State Rep. William Brownsberger, who represents the 24th Middlesex District in Belmont, said the wording of the bill makes it possible for a nonviolent offender to end up incarcerated for life.
“Under the bill as amended, a person twice convicted of retailing cocaine and twice sentenced to state prison who was then convicted of an unarmed robbery would receive a mandatory life sentence. Some unarmed robberies are not serious offenses — any forcible grab of money or property is an unarmed robbery,” Brownsberger wrote in a blog on his website. “A young man could turn 21 in prison doing life without ever having committed a crime of distinctive violence.”
The bill gained momentum after paroled convict Domenic Cinelli shot and killed a Woburn Police officer last year. Gov. Deval Patrick fired five members of the board who voted to grant Cinelli parole despite his extensive criminal history.

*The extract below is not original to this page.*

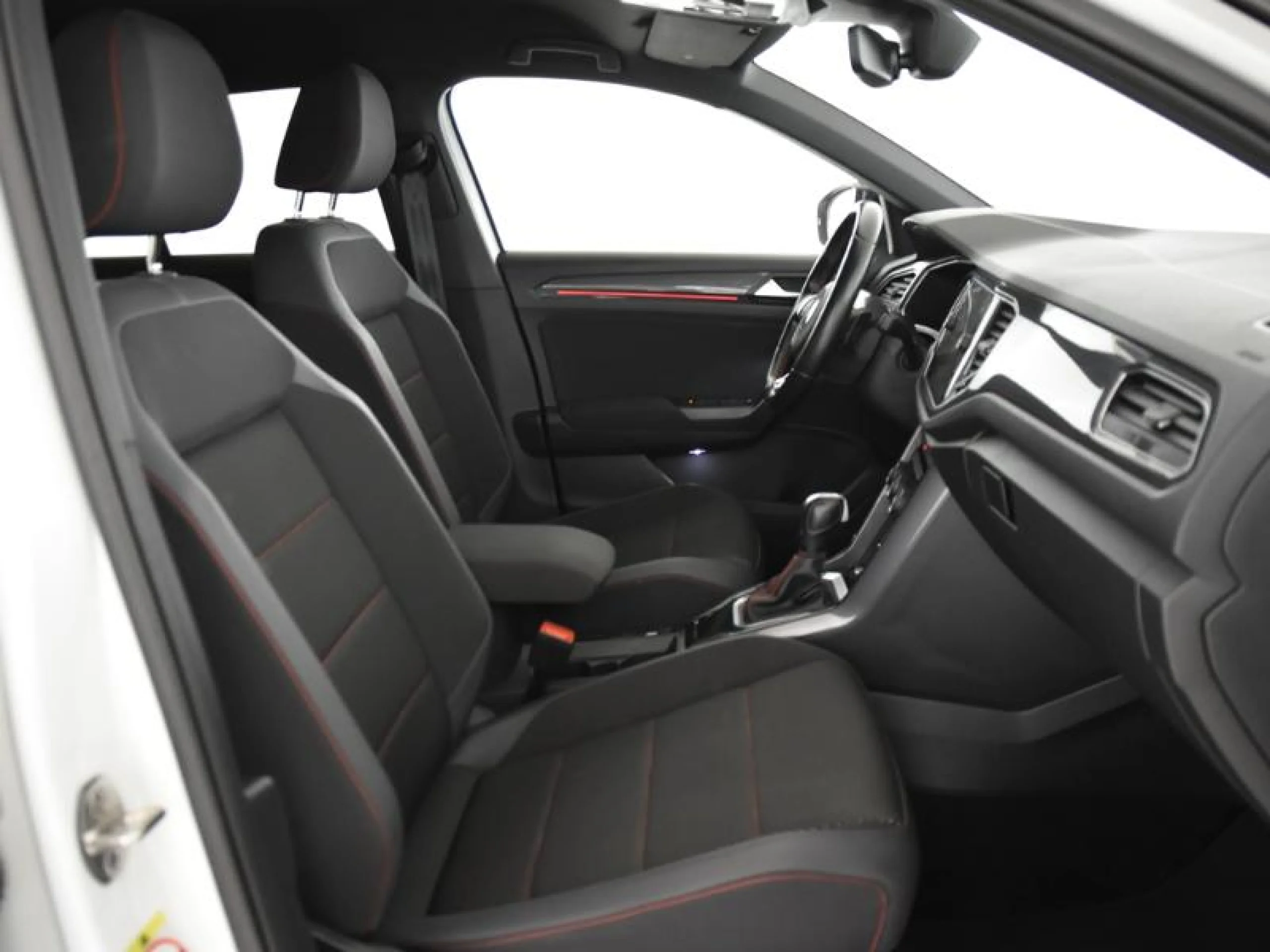 VOLKSWAGEN T ROC SPORT 1.5 TSI 110KW (150CV) DSG - Foto 6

Boston Branch NAACP President Michael Curry says the Legislature is overreacting to the problem of habitual offenders by passing a law as draconian and California’s “three strikes” law.
“No community in the Commonwealth is more impacted by violence than the city of Boston,” he said. “However, despite this fact, we can’t have a knee-jerk reaction to law enforcement. We remain concerned that with the unequal enforcement of the law and now with the potential consequences of a habitual offender bill that will further destabilize our communities and lead to over-and-prolonged incarceration.”
The NAACP was one of 30 black and Latino organizations statewide that issued a statement against the habitual offenders bill.
“This bill will have a devastating impact on communities of color throughout the state and is far too important to rush through without adequate time to analyze the potential impact and to develop a viable strategy to combat crime without increasing already alarming rates of incarceration,” said Jamarhl Crawford, editor of the Blackstonian website.
At a meeting last week with members of the Black and Latino Legislative Caucus, community activists called on elected officials in the House to postpone a vote on this bill.
The activists expressed concern with the prevalence of wrongful convictions and police misconduct in the Commonwealth, as well as the impact this proposal could have on people with drug and alcohol addictions.
The Center for Church and Prison also released a statement in opposition to this legislation last week, citing concerns with prison overcrowding, mandatory post-release supervision and increases and mandatory minimum sentences.
“Mandatory post release supervision would be forced upon all people incarcerated in Massachusetts prisons, thus increasing the revolving door of recidivism,” said the Center’s Executive Director Rev. Dr. George Walters-Sleyon.
“The proposed mandatory post-release supervision could cost approximately $11.6 million per year just for new parole officers but even greater and uncalculated costs would be incurred through speeding up a former prisoner’s return to prison due to the increased number and kinds of infractions for parole violations under the bill.”